Saved entries
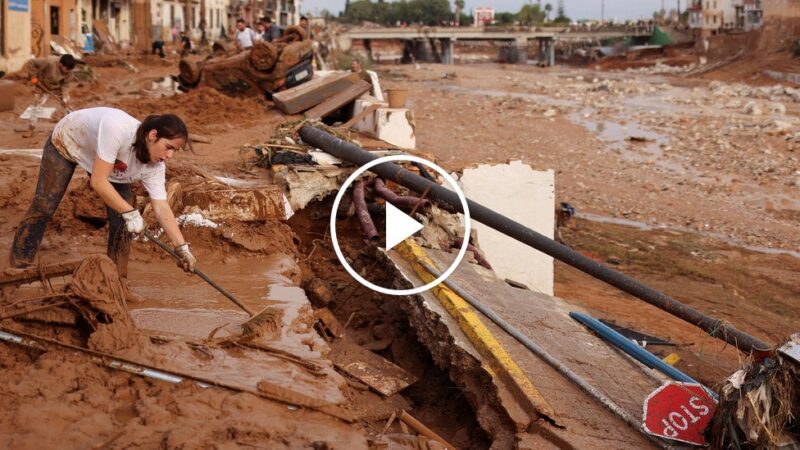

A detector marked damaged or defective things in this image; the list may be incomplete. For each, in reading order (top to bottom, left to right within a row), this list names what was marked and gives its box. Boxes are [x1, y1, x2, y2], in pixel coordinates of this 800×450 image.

broken wooden plank [272, 72, 360, 114]
broken wooden plank [304, 80, 372, 119]
rusty metal pipe [354, 179, 378, 243]
rusty metal pipe [372, 178, 428, 213]
broken concrete slab [460, 162, 552, 296]
rusty metal pipe [298, 125, 768, 354]
broken wooden plank [0, 260, 81, 288]
broken wooden plank [326, 342, 416, 398]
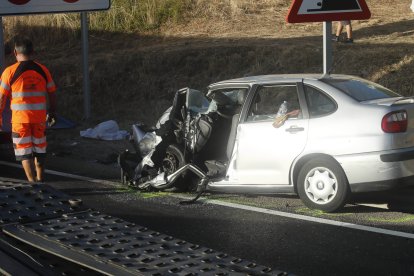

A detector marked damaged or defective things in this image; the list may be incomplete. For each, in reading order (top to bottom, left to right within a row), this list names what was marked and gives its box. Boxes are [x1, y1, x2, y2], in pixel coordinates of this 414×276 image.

severely damaged white car [119, 74, 414, 212]
shattered windshield [322, 78, 400, 102]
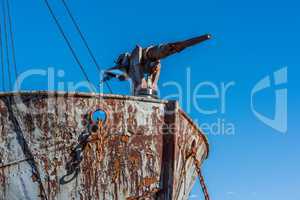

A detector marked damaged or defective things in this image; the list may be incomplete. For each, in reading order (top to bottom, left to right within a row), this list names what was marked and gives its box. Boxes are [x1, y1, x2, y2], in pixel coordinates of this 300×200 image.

corroded metal surface [0, 91, 209, 199]
rusty hull [0, 91, 209, 199]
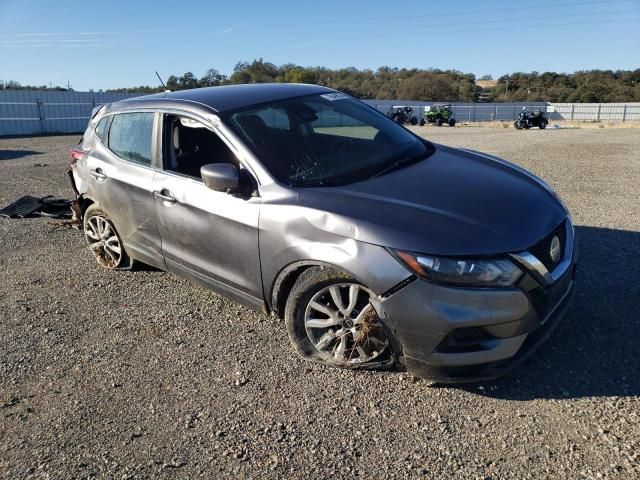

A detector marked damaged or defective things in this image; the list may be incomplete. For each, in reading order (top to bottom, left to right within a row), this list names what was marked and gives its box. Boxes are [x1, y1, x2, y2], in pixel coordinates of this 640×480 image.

damaged gray suv [69, 83, 576, 382]
crumpled front bumper [372, 262, 576, 382]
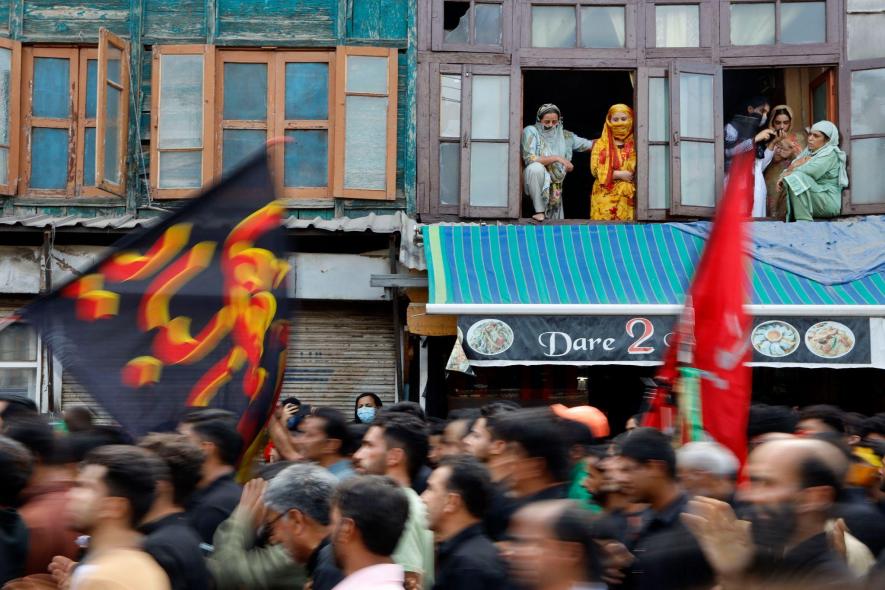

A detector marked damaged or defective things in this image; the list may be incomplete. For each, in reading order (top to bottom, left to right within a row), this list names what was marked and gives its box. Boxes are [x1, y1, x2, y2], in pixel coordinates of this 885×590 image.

broken window pane [442, 1, 470, 44]
broken window pane [474, 3, 500, 45]
broken window pane [528, 6, 576, 48]
broken window pane [580, 6, 628, 48]
broken window pane [656, 4, 696, 47]
broken window pane [732, 3, 772, 46]
broken window pane [784, 1, 824, 44]
broken window pane [844, 12, 884, 60]
broken window pane [33, 57, 70, 119]
broken window pane [223, 63, 264, 120]
broken window pane [286, 63, 328, 121]
broken window pane [438, 73, 460, 138]
broken window pane [474, 75, 508, 140]
broken window pane [644, 77, 668, 142]
broken window pane [680, 73, 716, 139]
broken window pane [848, 69, 884, 135]
broken window pane [30, 129, 68, 190]
broken window pane [284, 131, 328, 188]
broken window pane [346, 95, 386, 190]
broken window pane [438, 142, 460, 207]
broken window pane [466, 142, 508, 207]
broken window pane [644, 146, 668, 210]
broken window pane [680, 142, 716, 208]
broken window pane [848, 139, 884, 206]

* [Exercise description]:
The lines to copy begin with the one containing "this 640×480 image." and end with the last line of the entries above; copy them exactly, minus the pictures.

* [Result of this task]:
A detector marked damaged or defective things in this image; the list may be incomplete. For each, in reading order (top to bottom, left to right within a row), this list names what was marked and gives its box. Boxes are [x1, y1, x2, y2], in pixel coordinates of this 640×480 image.

damaged gray suv [69, 83, 576, 382]
crumpled front bumper [372, 262, 576, 382]

A detector marked damaged or defective things in this image; the list may be incomplete. For each, in reading order (top to bottom, left to right within a row), this list names what was marked and gives its box. Boxes are [x1, y1, x2, y2], in pixel coordinates of this 885×590 image.

broken window pane [442, 1, 470, 44]
broken window pane [474, 3, 500, 45]
broken window pane [528, 6, 576, 48]
broken window pane [580, 6, 628, 48]
broken window pane [656, 4, 696, 47]
broken window pane [732, 3, 772, 46]
broken window pane [784, 1, 824, 44]
broken window pane [844, 12, 884, 60]
broken window pane [33, 57, 70, 119]
broken window pane [223, 63, 264, 120]
broken window pane [286, 63, 328, 121]
broken window pane [438, 73, 460, 138]
broken window pane [474, 75, 508, 140]
broken window pane [644, 77, 668, 142]
broken window pane [680, 73, 716, 139]
broken window pane [848, 69, 884, 135]
broken window pane [30, 129, 68, 190]
broken window pane [284, 131, 328, 188]
broken window pane [346, 95, 386, 190]
broken window pane [438, 142, 460, 207]
broken window pane [466, 142, 508, 207]
broken window pane [644, 146, 668, 210]
broken window pane [680, 142, 716, 208]
broken window pane [848, 139, 884, 206]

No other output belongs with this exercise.